Es este punto, quizá, donde la comparación con Pretty Woman (Garry Marshall, 1990) pudiese estar bien traída. Tal y como revelase Julia Roberts (protagonista del clásico) en una entrevista, el final originalmente previsto para esta era bien distinto de aquel que terminó incorporándose al metraje. "En el guión original, el personaje de Richard Gere echaba a mi personaje fuera del coche, le arrojaba el dinero encima, se alejaba y comenzaban los créditos finales", revelaba Roberts años después del estreno de la película (Fotogramas, 2023).
La declaración no puede ser más clara: no hay sueño ni horizonte posible para los de abajo dentro del imaginario sociópata de los de arriba.

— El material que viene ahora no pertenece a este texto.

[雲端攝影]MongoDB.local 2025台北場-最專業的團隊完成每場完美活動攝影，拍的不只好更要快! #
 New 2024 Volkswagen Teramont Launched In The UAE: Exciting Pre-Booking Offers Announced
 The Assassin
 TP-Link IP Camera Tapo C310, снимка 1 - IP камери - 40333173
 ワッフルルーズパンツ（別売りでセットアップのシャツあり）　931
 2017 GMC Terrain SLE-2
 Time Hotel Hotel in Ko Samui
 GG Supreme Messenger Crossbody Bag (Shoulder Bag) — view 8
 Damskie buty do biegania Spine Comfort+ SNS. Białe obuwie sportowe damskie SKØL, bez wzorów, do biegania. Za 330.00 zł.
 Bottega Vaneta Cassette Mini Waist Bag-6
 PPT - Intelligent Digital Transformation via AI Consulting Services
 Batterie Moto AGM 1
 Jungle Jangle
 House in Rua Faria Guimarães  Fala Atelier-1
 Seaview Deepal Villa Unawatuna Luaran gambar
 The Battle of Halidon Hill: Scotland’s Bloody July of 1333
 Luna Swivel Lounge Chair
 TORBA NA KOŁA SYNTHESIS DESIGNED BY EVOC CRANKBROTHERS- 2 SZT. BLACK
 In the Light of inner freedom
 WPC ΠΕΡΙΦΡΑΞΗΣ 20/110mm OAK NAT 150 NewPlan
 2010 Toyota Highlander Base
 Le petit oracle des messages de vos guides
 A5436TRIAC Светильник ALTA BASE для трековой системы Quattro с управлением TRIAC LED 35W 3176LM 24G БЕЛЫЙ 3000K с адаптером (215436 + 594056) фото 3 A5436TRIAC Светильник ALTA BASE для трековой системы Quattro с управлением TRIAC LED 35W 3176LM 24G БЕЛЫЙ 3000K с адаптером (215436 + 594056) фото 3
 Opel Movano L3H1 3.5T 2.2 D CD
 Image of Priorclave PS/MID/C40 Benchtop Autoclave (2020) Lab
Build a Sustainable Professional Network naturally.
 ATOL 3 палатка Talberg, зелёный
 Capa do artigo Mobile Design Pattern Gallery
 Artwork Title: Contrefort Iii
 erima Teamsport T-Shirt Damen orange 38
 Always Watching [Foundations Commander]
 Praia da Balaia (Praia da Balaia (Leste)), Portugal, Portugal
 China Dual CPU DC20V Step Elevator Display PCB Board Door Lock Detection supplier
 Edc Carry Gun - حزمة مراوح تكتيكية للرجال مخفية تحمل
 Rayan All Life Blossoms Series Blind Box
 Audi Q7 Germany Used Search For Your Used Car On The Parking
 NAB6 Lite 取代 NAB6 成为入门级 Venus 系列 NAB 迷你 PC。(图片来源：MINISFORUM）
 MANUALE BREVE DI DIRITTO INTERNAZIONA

En un momento en que las grandes corporaciones se preparan para desactivar, IA mediante, el último espacio de poder de las mayorías trabajadoras (su fuerza negociadora dada por su capacidad de trabajo), la fantasía evasiva de un oligarca bondadoso es tan absurda como termina probándose en la película.
En un presente histórico en que las clases trabajadoras se verán pronto al borde del abismo, esta noción debiese entenderse como primer paso para levantar una alternativa en que la promesa que inaugura la película ("Hoy podría ser el mejor día de nuestras vidas") tenga algo más de recorrido.